A visão dele reflete o que pensa boa parte dos grandes líderes das igrejas evangélicas do país, como o pastor Silas Malafaia, o bispo Manoel Ferreira e o pastor RR Soares, que em vídeo disse ter pavor de armas (“eu não gosto nem de ver”).

"Claro que a essência da igreja é missionária para levar amor, perdão e paz, mas em casos excepcionais cabe aos cristãos se protegerem", afirmou o bispo Robson Rodovalho, líder da Igreja Sara a Nossa Terra, que também diz se posicionar “no meio de campo”.

Conveniência política

Na visão de especialistas no assunto, essa pauta tem ganhado relevância no meio evangélico por uma questão de “conveniência política”.

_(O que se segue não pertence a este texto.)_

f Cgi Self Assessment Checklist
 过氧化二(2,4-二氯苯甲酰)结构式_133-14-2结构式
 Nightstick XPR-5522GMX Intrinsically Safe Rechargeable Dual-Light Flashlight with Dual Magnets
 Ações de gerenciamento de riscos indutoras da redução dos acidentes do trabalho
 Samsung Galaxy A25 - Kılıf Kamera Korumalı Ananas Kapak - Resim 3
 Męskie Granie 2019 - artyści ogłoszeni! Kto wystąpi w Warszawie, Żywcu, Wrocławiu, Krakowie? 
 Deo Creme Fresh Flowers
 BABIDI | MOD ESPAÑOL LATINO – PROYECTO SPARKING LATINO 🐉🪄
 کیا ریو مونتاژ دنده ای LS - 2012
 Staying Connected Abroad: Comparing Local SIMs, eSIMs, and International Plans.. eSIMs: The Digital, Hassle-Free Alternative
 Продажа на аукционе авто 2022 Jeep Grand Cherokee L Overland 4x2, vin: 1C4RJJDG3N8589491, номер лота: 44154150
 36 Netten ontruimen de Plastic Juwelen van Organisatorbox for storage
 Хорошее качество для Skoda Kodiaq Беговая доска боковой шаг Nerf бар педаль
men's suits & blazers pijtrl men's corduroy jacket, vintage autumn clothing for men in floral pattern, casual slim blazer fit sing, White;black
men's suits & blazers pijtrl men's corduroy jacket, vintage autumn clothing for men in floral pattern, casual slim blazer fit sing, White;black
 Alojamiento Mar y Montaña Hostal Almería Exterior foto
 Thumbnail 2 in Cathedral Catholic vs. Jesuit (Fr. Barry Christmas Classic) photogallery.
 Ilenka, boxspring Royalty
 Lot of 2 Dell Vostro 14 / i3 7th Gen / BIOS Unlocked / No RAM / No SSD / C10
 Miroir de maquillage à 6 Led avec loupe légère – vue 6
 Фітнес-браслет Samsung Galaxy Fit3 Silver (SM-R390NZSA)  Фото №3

"Essas ideias estão associadas a um pragmatismo político, muito mais fundamentado numa questão de conveniência política eleitoral do que na ética cristã", afirmou o antropólogo Juliano Spyer, autor do livro “Povo de Deus: Quem são os evangélicos e por que eles importam”.

Fellipe dos Anjos, pastor Batista e doutorando em Ciências da Religião pela Universidade Metodista, lembra o papel determinante que evangélicos tiveram nas mobilizações a favor do desarmamento, no fim dos anos 1990.

"Dezenas de igrejas se tornaram postos de coletas de armas. Muitas lógicas religiosas e experiências políticas mudaram de lá para cá. Entre elas, a intensificação de um discurso de guerra espiritual que as comunidades estariam em uma batalha que visa o domínio político e cultural da nação".

Se os religiosos armamentistas citam a Bíblia para justificar as suas ideias, Anjos afirma que os desarmamentistas também têm um repertório imenso. Entre eles, falas de Jesus dizendo que quem “lança mão da espada, pela espada perecerá” e que se alguém “bater na face, oferece-lhe a outra”.